In [1]:
import pandas as pd
import os
import re
import numpy as np


In [2]:
path = ('LA_listings.csv')
df = pd.read_csv(path, header=0, index_col=0)
descript = ['description']
corpus = df[descript]
corpus.head()

Unnamed: 0_level_0,description
id,Unnamed: 1_level_1
109,"*** Unit upgraded with new bamboo flooring, br..."
2708,"Run Runyon Canyon, Our Gym & Sauna Open Beauti..."
2732,An oasis of tranquility awaits you.The spaceTh...
2864,Centrally located.... Furnished with King Size...
5728,Our home is located near Venice Beach without ...


In [3]:
import nltk

from nltk import word_tokenize
from nltk.tokenize import RegexpTokenizer
from nltk.corpus import stopwords
from nltk.stem import WordNetLemmatizer

from gensim.corpora.dictionary import Dictionary
from gensim.models.tfidfmodel import TfidfModel
from gensim.models.ldamodel import LdaModel

import itertools
from collections import Counter
from collections import defaultdict

import json
import pyLDAvis
import pyLDAvis.gensim_models as gensimvis
pyLDAvis.enable_notebook()

In [4]:
def preprocess_text(corpus):
    clean_corpus = []
    en_words = set(nltk.corpus.words.words())
    en_stopwords = set(stopwords.words('english'))
    wordnet_lemmatizer = WordNetLemmatizer()
    tokenizer = RegexpTokenizer(r'[\w|!]+')
    for row in corpus:
        word_tokens = tokenizer.tokenize(row)
        word_tokens_lower = [t.lower() for t in word_tokens]
        word_tokens_lower_en = [t for t in word_tokens_lower if t in en_words or not t.isalpha()]
        word_tokens_no_stops = [t for t in word_tokens_lower_en if not t in en_stopwords]
        word_tokens_no_stops_lemmatized = [wordnet_lemmatizer.lemmatize(t) for t in word_tokens_no_stops]
        clean_corpus.append(word_tokens_no_stops_lemmatized)
    return clean_corpus
def nlp_model_pipeline(clean_corpus):
    dictionary = Dictionary(clean_corpus)
    doc_term_matrix = [dictionary.doc2bow(listing) for listing in clean_corpus]    
    return dictionary, doc_term_matrix
def LDA_topic_modelling(doc_term_matrix, dictionary, num_topics=3, passes=2):
    LDA = LdaModel
    ldamodel = LDA(doc_term_matrix, num_topics=num_topics, id2word = dictionary, passes=passes)
    return ldamodel
def add_topics_to_df(ldamodel, doc_term_matrix, df, new_col, num_topics):
    docTopicProbMat = ldamodel[doc_term_matrix]
    docTopicProbDf = pd.DataFrame(index=df.index, columns=range(0, num_topics))
    for i, doc in enumerate(docTopicProbMat):
        for topic in doc:
            docTopicProbDf.iloc[i, topic[0]] = topic[1]
    docTopicProbDf[new_col] = docTopicProbDf.idxmax(axis=1)
    df_topics = docTopicProbDf[new_col]
    df_new = pd.concat([df, df_topics], axis=1)
    return df_new

In [5]:
corpus_description = corpus['description'].astype(str)
new_corpus = preprocess_text(corpus_description)
dictionary_description, doc_term_matrix_description = nlp_model_pipeline(new_corpus)

In [6]:
ldamodel_description = LDA_topic_modelling(doc_term_matrix_description, dictionary_description, num_topics=3, passes=10)

In [7]:
ch = gensimvis.prepare(ldamodel_description, doc_term_matrix_description, dictionary_description)

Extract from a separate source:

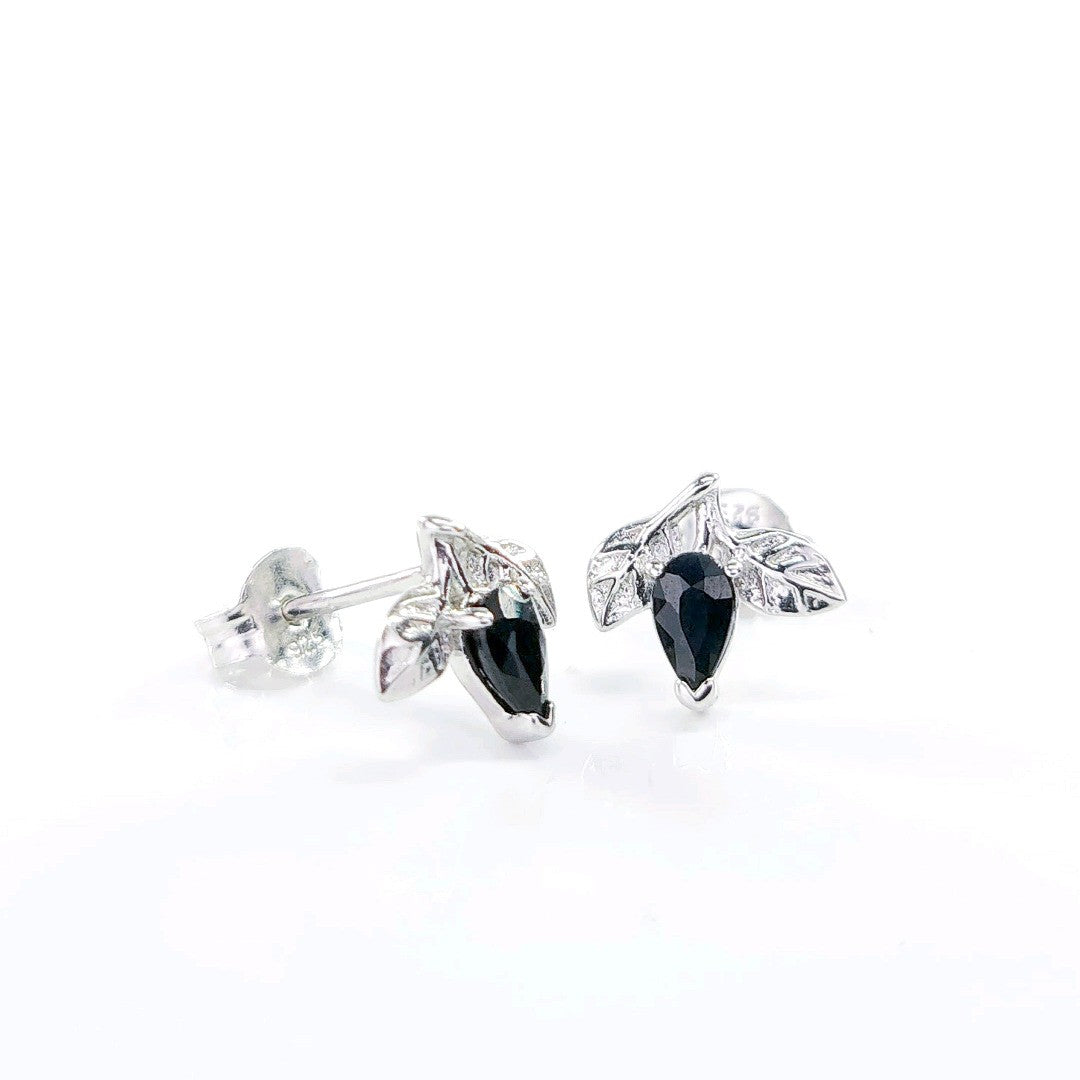 Sapphire Earrings 0.7ct Pear Blue Leaf Studs Sterling Silver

  default_term_info = default_term_info.sort_values(


In [8]:
pyLDAvis.save_html(ch, 'laLDA.html')

In [9]:
from wordcloud import WordCloud
canvas_width=1280
canvas_height=720
long_string = ','.join(list(corpus_description))
wordcloud = WordCloud(width=canvas_width,height=canvas_height,background_color="white", max_words=50000, contour_width=3, contour_color='steelblue')
wordcloud.generate(long_string)
wordcloud.to_file('LA_wordcloud.png')

<wordcloud.wordcloud.WordCloud at 0x25097c5c4c0>